BERKELEY (KPIX) — A crowdfunding campaign to raise $70,000 for a Berkeley man at risk of losing the home he has owned for 45 years, has gone viral.
By Thursday evening, a campaign to keep Leonard Powell, a veteran and retired postal worker, in his South Berkeley home, had raised more than $77,000.
Powell said the house is full of memories for him.
He and his wife raised six kids in the home and she died there in 1997.
After her death, he said his home fell into disrepair. In 2015, Powell said city of Berkeley officials entered his home and told him he would need to make massive repairs.
“They brought city code enforcement. Guy comes in my house and starts finding all these discrepancies,” said Powell.
The problems ranged from wiring to plumbing and heating. Powell said he scrambled to make fixes, enlisting his sons to update the house but they weren’t making the changes fast enough and, in 2017, a judge appointed a receiver, Gerard Keena.
Powell, still the legal owner of the home, was forced to leave his home while Keena made renovations for which Powell would ultimately be responsible.

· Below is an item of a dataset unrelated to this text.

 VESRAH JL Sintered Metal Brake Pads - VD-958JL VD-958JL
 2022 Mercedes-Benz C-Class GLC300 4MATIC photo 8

Powell said once the renovations got under way, he became concerned.
“It was obvious that they were doing work that I could not afford to cover,” he said. “Italian tile in both kitchens, $1,200 stoves, $1,000 refrigerators, marble counter tops, red-oak hardwood floors.”
Once renovations were complete, Powell said he owed roughly $600,000.
Powell’s neighbor, Margy Wilkinson, a member of the community group Friends of Adeline, said she believes Keena remodeled the property in hopes of taking over ownership and making a profit.
“[Keena] remodeled the home not for Mr. Powell but to make it a saleable item,” said Wilkinson.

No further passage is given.